I m using streamlit to create a exploratory data tool. The application is running in a container in ECS Fargate, and this container runs two processes:
- python update_service.py, that monitors an S3 bucket for updated vaex hdf5 file. Whenever a new file is found, it is downloaded into the container where it is used by an streamlit app;
- steamlit run app.py, which starts streamlit server;
Due to the memory mapped nature of vaex hdf5 files, whenever the file is updated on the file system by update_service.py, Linux delete the original file in use, but keeps it’s content in an orphaned (deleted) state, spending storage. Each update, makes the free disk space smaller. It seems that depending on what you do with the data, a handle is not released, even if you close the data, delete the variable and call gc.collect(). Lsof command shows the opened hdf5 file in a “deleted” state.

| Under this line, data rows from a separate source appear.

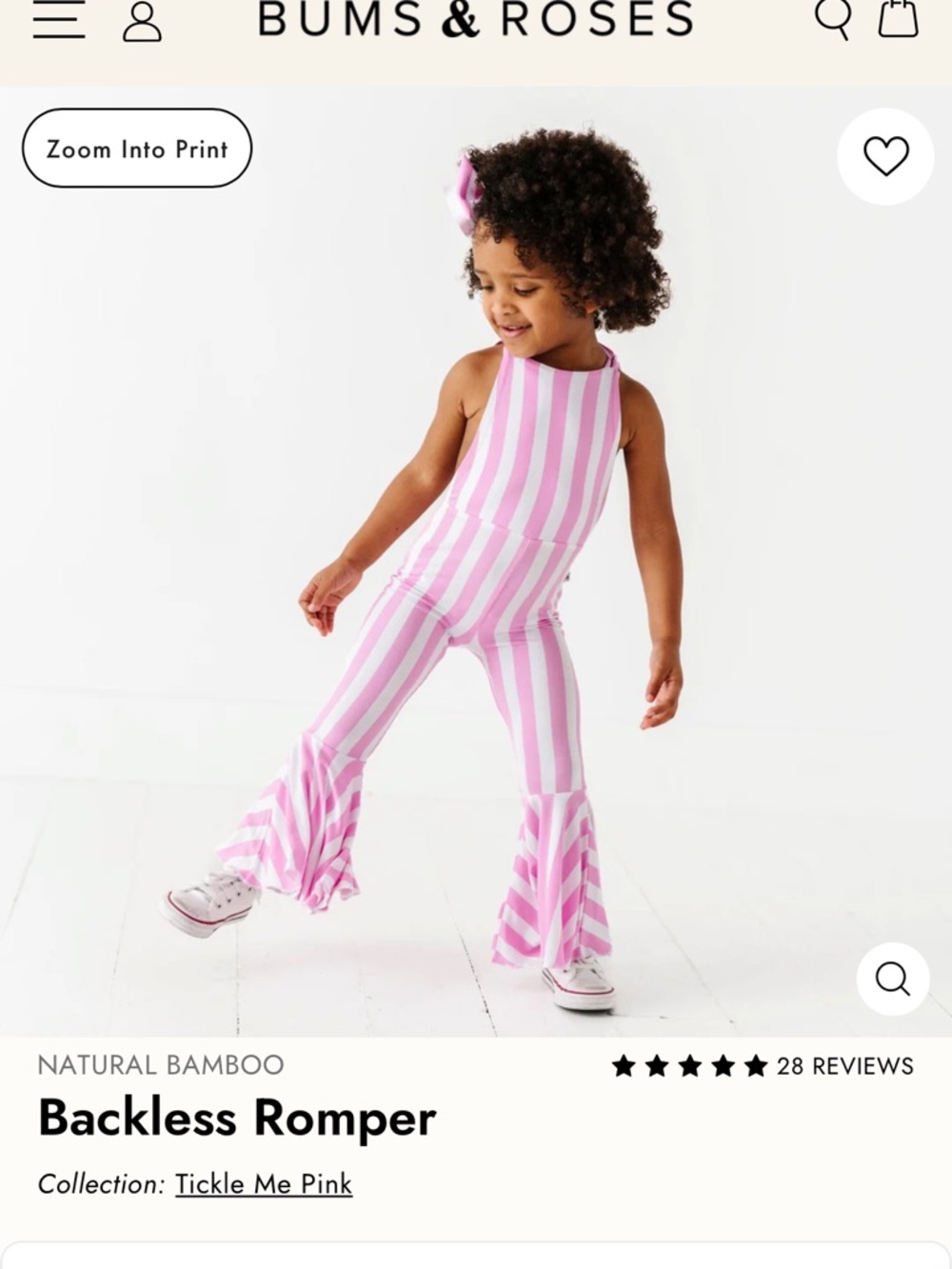 Bums & Roses Pink Stripe Backless Bell-Bottom Romper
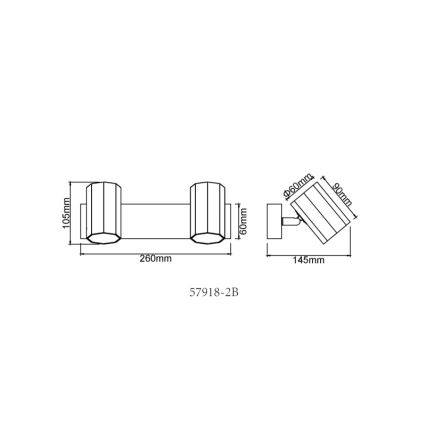 Globo - Точечный светильник 2xGU10/25W/230V черный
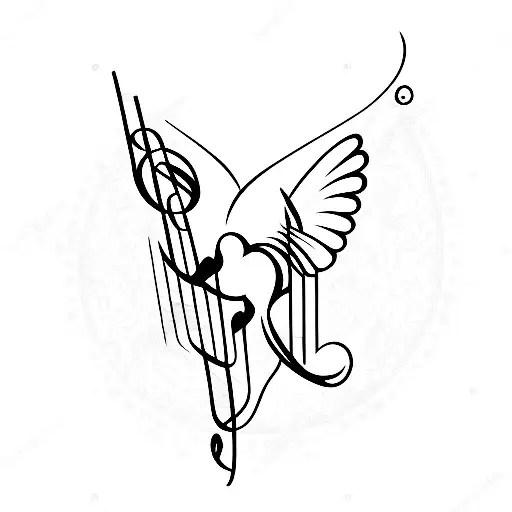 Musical Notes Forming The Shape Of A Dove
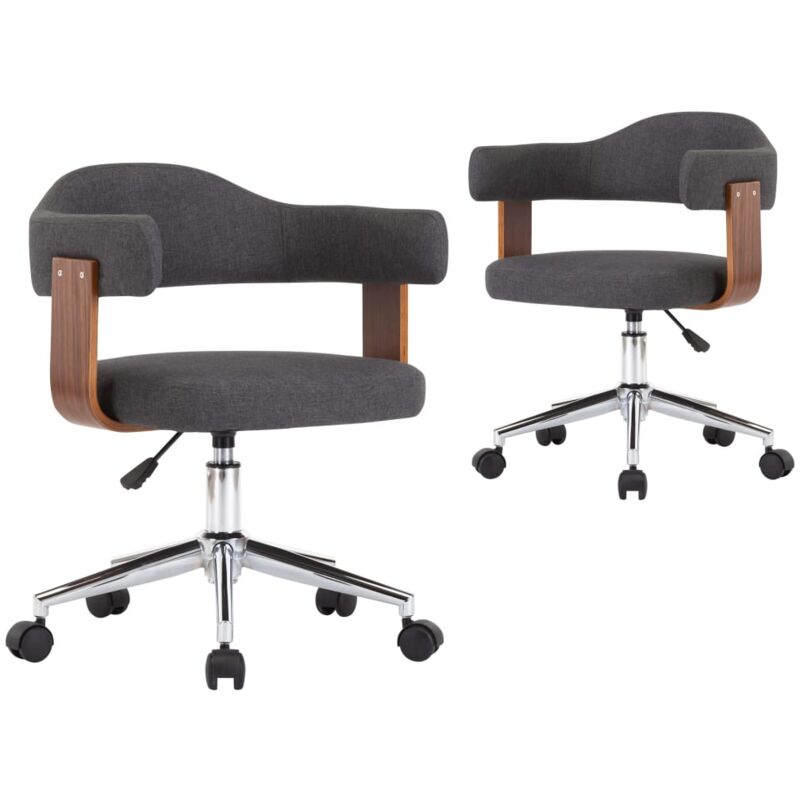 

vidaXL Silla de Comedor Giratorias 2 Unidades Madera Curvada y Tela Gris - Gris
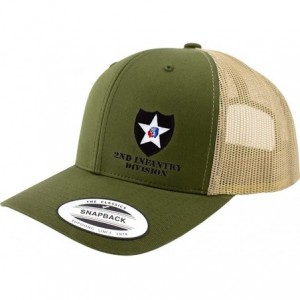 Baseball Caps Army 2nd Infantry Division Full Color Trucker Hat - Green/Khaki - C018RQ36AYD $22.12
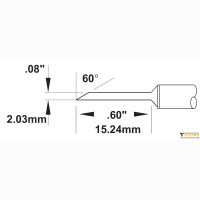 Metcal SMC-7HF6020S (замена SMTC-1169). Паяльное жало для СV/MX миниволна 2.00 × 15.24 мм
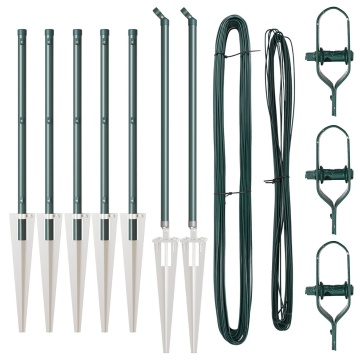 Stâlpi de gard cu țăruș 7 pcs Ø32 mm 60 cm oțel galvanizat - Img 2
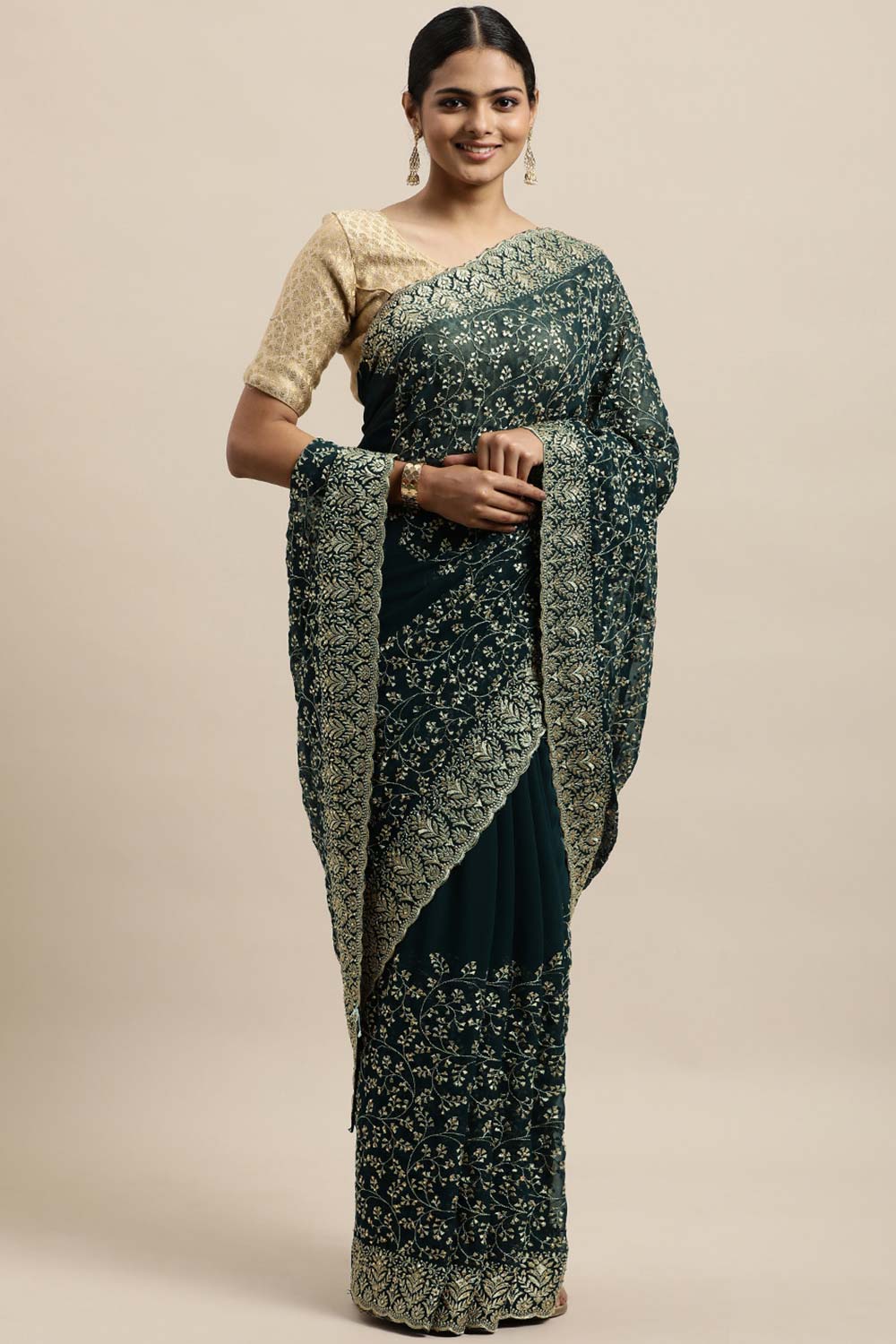 Georgette Embroidered Saree In Petrol Blue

I tracked down the issue to the function to_pandas_df(). I call it to transform a
vaex dataframe into a pandas one, before showing it in a graph or aggrid. It looks like when I do this, vaex lose track of the memory mapped file handle. Fixing this permanently might requires some change on vaex core, but in the meantime, I was thinking a temporary workaround would be restarting the streamlit server altogether, whenever the hdf5 is modified. A “Rerun” or a browser Refresh dont do the trick. It has to be a total restart of the streamlit server (like stopping and command “streamlit run app.py” again).
How could I do such server restart properly?